La haute juridiction a bien autorisé les tribunaux fédéraux à intervenir contre la loi, mais les cliniques et les médecins qui pratiquent des avortements au Texas restent sous la menace de poursuites onéreuses s'ils interviennent au-delà de ce terme.
Avec cette décision, la solide majorité conservatrice de la Cour signale ne pas être disposée à défendre le droit à l'avortement, qu'elle pourrait même restreindre dans quelques mois dans un autre dossier émanant du Mississippi.
Notant que "les droits des femmes sont attaqués dans plusieurs Etats", le président démocrate Joe Biden s'est dit, dans un communiqué, "très inquiet" de la décision de la Cour suprême de laisser la loi du Texas en place.
"C'est cruel, injuste, inhumain", a pour sa part commenté Amy Hagstrom Miller, présidente du Center for Reproductive Rights, qui gère quatre cliniques dans cet Etat conservateur du Sud américain: "nos équipes sont désespérées, effrayées, découragées" et "nos patientes ne comprennent pas pourquoi on leur refuse les soins dont elles ont besoin".
"GRANDE VICTOIRE", a au contraire tweeté le procureur général du Texas, le républicain Ken Paxton, qui comme d'autres opposants à l'avortement s'est réjoui que la loi reste en vigueur. "C'est une victoire pour le Texas et le mouvement pro-vie", a renchéri le sénateur républicain de l'Etat Ted Cruz.
Lire aussi : Etats-Unis: la justice rétablit la loi anti-avortement du Texas
Le Texas interdit d'avorter, même en cas de viol ou d'inceste, dès que les battements de coeur de l'embryon sont perceptibles, à environ six semaines de grossesse, ce qui correspond aux Etats-Unis à quatre semaines après la conception, quand la plupart des femmes ignorent encore être enceintes.
Les tribunaux fédéraux ont invalidé dans le passé une dizaine de lois comparables parce qu'elles violent la jurisprudence de la Cour suprême: celle-ci a reconnu en 1973, dans son arrêt historiqiue "Roe V. Wade", et réaffirmé en 1992, le droit des Américaines à avorter tant que le foetus n'est pas viable, soit vers 22 à 24 semaines de grossesse.
Mais le Texas a imaginé un dispositif exceptionnel: sa loi confie "exclusivement" aux citoyens le soin de faire respecter cet interdit, en les encourageant à poursuivre au civil les personnes et organisations qui aident les femmes à l'enfreindre contre la promesse de 10.000 dollars de dédommagement.
Faute de responsable officiel à qui ordonner de ne pas appliquer la loi, ce mécanisme complique l'intervention de la justice fédérale.
Saisie en urgence au moment de l'entrée en vigueur du texte, la Cour suprême, qui compte six magistrats conservateurs sur neuf, s'était abritée derrière ces "questions nouvelles de procédure" pour rester à l'écart.
Son inaction, perçue comme le signe de l'influence des trois juges nommés par Donald Trump, avait été vivement critiquée à gauche. La bataille judiciaire s'était ensuite intensifiée, forçant la Cour à rouvrir le dossier.

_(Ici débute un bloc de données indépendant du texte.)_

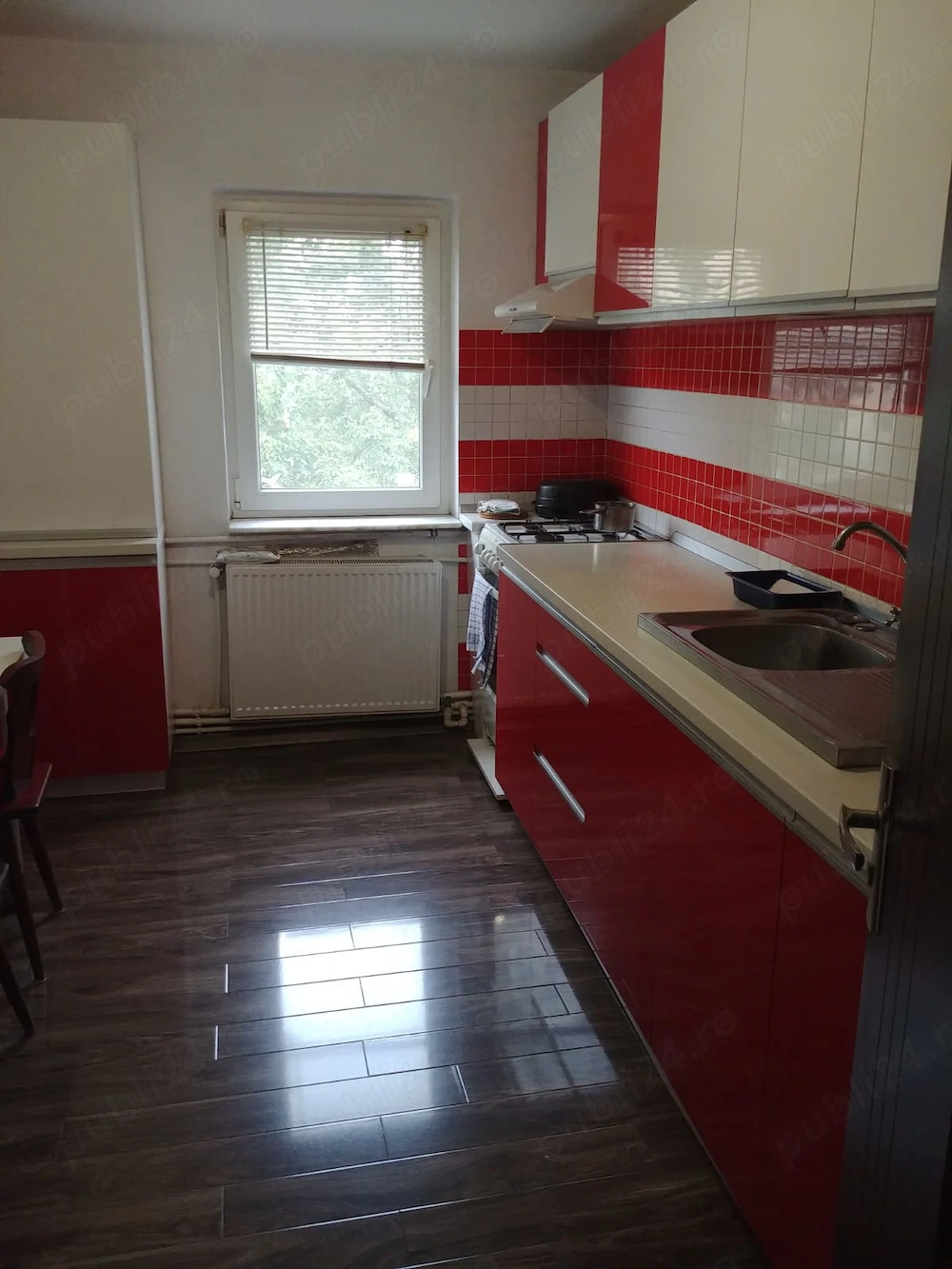 Agentie vand apartament 4 camere,Lapus-Intim ,F-uri,Centrala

Finalement, huit de ses membres ont identifié vendredi une poignée de responsables des services sanitaires de l'Etat, chargés de donner les licenses aux médecins et cliniques, pouvant être la cible d'actions en justice.
Lire aussi : Parlement: accord sur la libéralisation partielle de l’avortement
L'arrêt majoritaire porte uniquement sur des questions techniques et ne mentionne à aucun moment le droit à l'avortement.

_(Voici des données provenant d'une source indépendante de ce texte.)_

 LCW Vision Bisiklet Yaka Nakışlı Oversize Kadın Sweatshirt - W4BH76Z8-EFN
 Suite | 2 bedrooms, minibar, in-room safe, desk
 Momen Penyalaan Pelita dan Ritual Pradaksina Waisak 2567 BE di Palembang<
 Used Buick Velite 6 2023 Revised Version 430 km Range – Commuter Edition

Dans un texte distinct, le chef de la Cour John Roberts, un conservateur modéré, et les trois magistrats progressistes ont souhaité que les tribunaux bloquent rapidement la loi "contraire à la Constitution", "compte tenu de ses effets sinistres et persistants".

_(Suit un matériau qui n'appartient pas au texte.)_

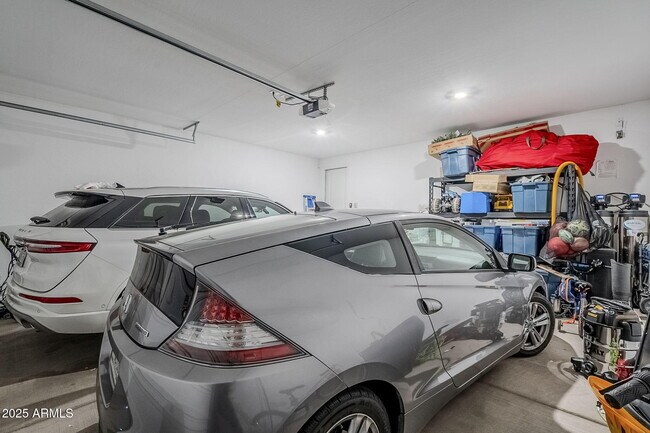 Building Photo - 9935 E Thornbush Ave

"La Cour aurait dû mettre un terme à cette folie il y a plusieurs mois", a ajouté la juge progressiste Sonia Sotomayor. "Elle s'est trompée à l'époque et elle se trompe encore aujourd'hui", en la laissant en vigueur.
Ces désaccords entre les neuf sages ont également été perceptibles lors de l'examen, le 1er décembre, d'une loi du Mississippi qui interdit d'avorter après 15 semaines de grossesse.
Lors de l'audience, la majorité conservatrice a semblé prête à utiliser ce dossier pour revenir sur l'arrêt "Roe v. Wade" qui, près de 50 ans après, continue de diviser fortement les Etats-Unis.
Si la Cour, qui rendra sa décision en juin, décidait de l'annuler, la moitié des 50 Etats américains devraient, à plus ou moins court terme, interdire les avortements sur leur sol.